Национальные интересы и гражданское общество



В рассматриваемый период анализ этих вопросов российским либерализмом сконцентрировался в дискуссиях, посвященных выяснению содержания понятия «национальные интересы». Первоначально представители либерального направления стремились отмежеваться от этого понятия, показать его несущественность как инструмента анализа и опоры внешней политики. Именно поэтому некоторые из них настаивали, что «мы… резко преувеличиваем роль национальных интересов (термин не очень определенный, … но подразумевающий нечто материальное — нефть, деньги, территорию, военную мощь) и недооцениваем роль более “тонких” психологических факторов» [Фурман 1995: 11]. Вслед за А. Козыревым часть либералов полагала, что национальные интересы не могут быть сформулированы конкретным образом: «для любого государства интерес сводится к тому, чтобы быть здоровым и богатым, а как конкретно это делается — решается в зависимости от собственных возможностей и внешних обстоятельств» [Козырев 1992: 91–92].
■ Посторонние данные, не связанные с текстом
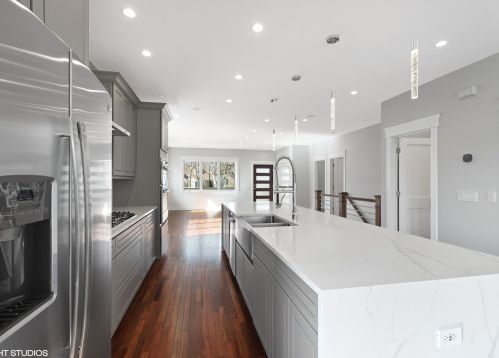 3605 Home Ave, Forest View IL 60402-1652 exterior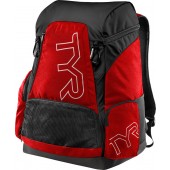  TYR Alliance Team Backpack 45L Black/Red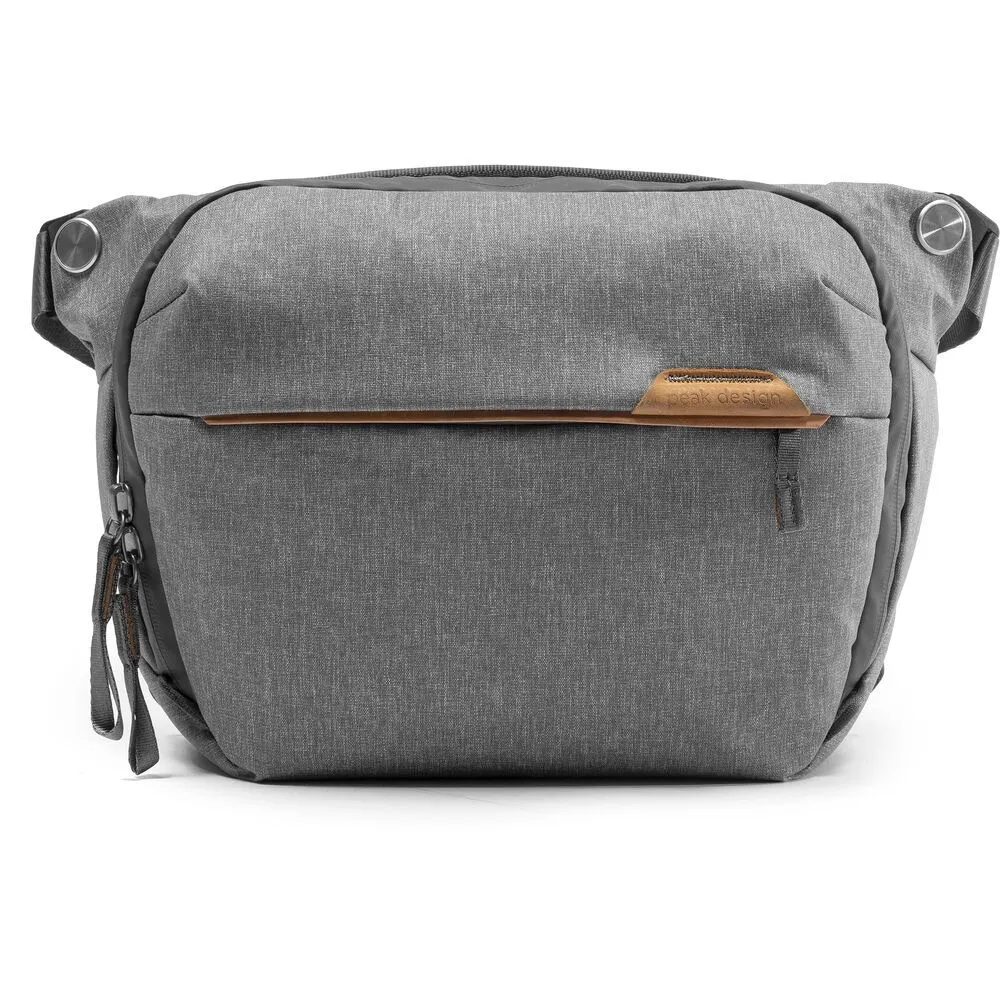 Peak Design Everyday Sling 6L v2 Ash (PFAS-free)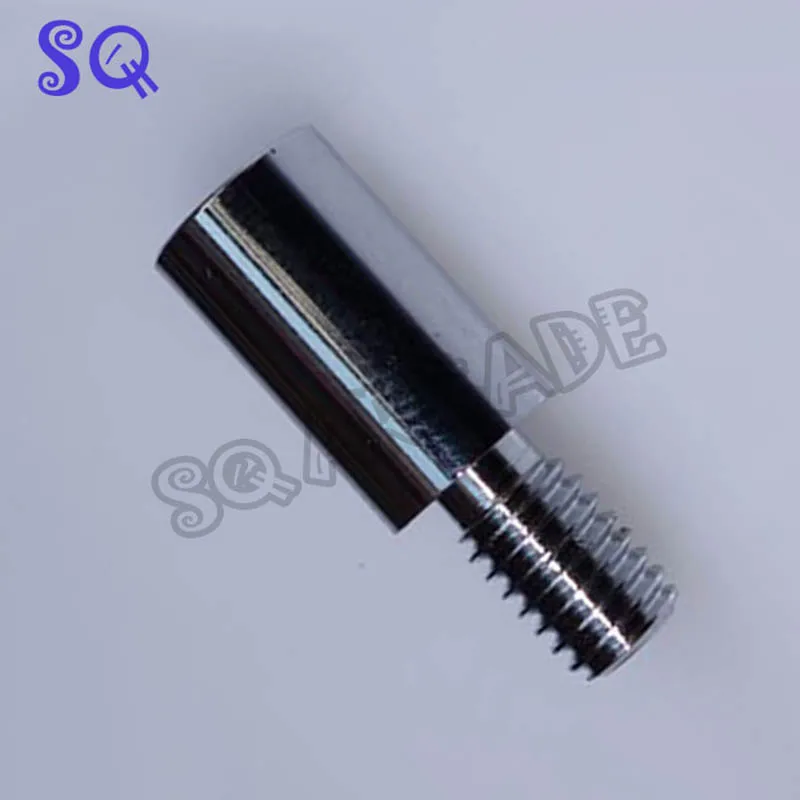 

Free Shipping 10 pcs Joystick Extension Rod Joystick Shaft Extender SANWA & SEIMITSU Joystick PC Game Controller Fighting Rocke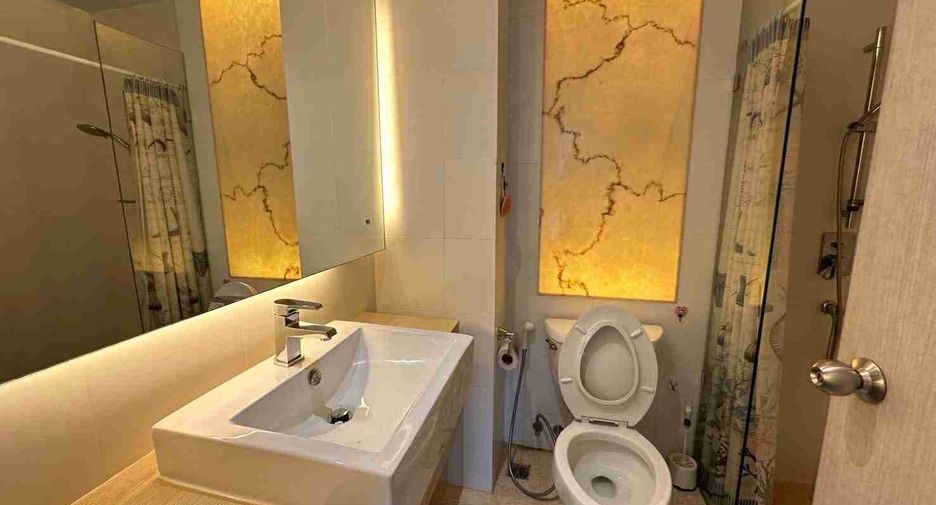For rent and for sale 1 bed condo in Bang Lamung, Chonburi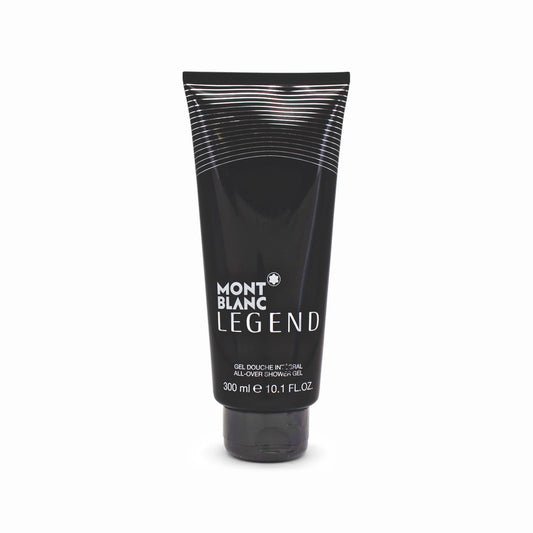 Mont Blanc Legend All Over Shower Gel 300ml - Imperfect Container
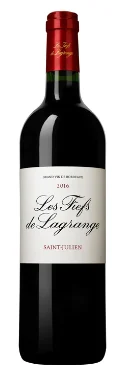 2016 | Château Lagrange | Les Fiefs de Lagrange - Wine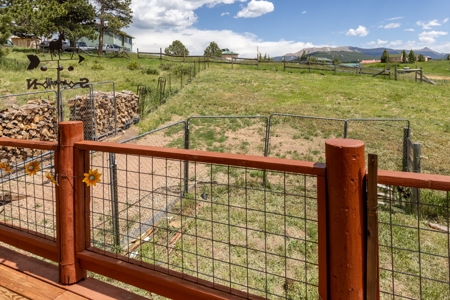 Charming Colorado Log Home with Views For Sale in Teller County - image 45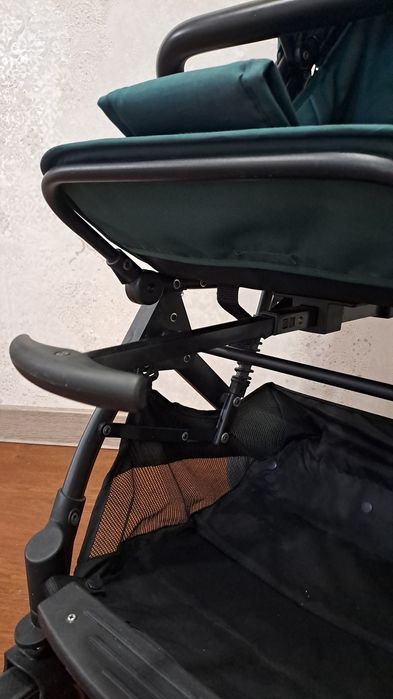 Коляска с рождения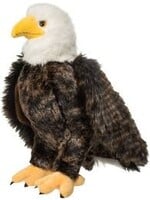 DOUGLAS PLUSH EAGLE ADLER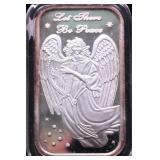 1988 SILVER EAGLE GEM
Однако к середине 1990-х годов в свете той критики, которой подвергались внешнеполитические установки МИД со стороны прокоммунистической оппозиции в политической жизни общества и сторонников политического реализма в академической среде, отстаивать подобные позиции стало невозможно. Российские либералы активно включились в дискуссию [см., напр.: Западники и националисты 2003; Национальный интерес 1995; Концепция национальных интересов 1996; Капустин 1996; Красин 1996; Национальные интересы во внешней политике России 1996; Перевалов 1995 и др.]. Но в отрицании значимости «национального интереса» они пошли значительно дальше своих западных коллег. (Представители либерального направления западной ТМО проявляют достаточно устойчивый интерес к проблеме национального интереса [см.: Battistella 2002: 139–166]. Их понимание данной категории существенно отличается от ее понимания реалистами. Во-первых, для либералов национальный интерес, к которому стремится государство, не выше частных интересов и определяется внутренними социетальными потребностями государства, а не внешней средой; кроме того, он является не унитарным, а плюралистическим. При этом, с позиций либерализма, нет никакого стихийного совпадения частных интересов: разные социетальные участники, акторы обладают разными ресурсами и по-разному способны повлиять на формулирование государством национальных интересов. Во-вторых, для либералов в основе национальных интересов лежат соображения экономического благосостояния, а не политического и военного влияния. В-третьих, либеральное понимание национальных интересов государства не исключает признания национальных интересов других государств. Более того, поскольку рациональные индивиды стремятся избегать рисков, постольку национальный интерес постепенно эволюционирует в сторону все большего признания национальных интересов других.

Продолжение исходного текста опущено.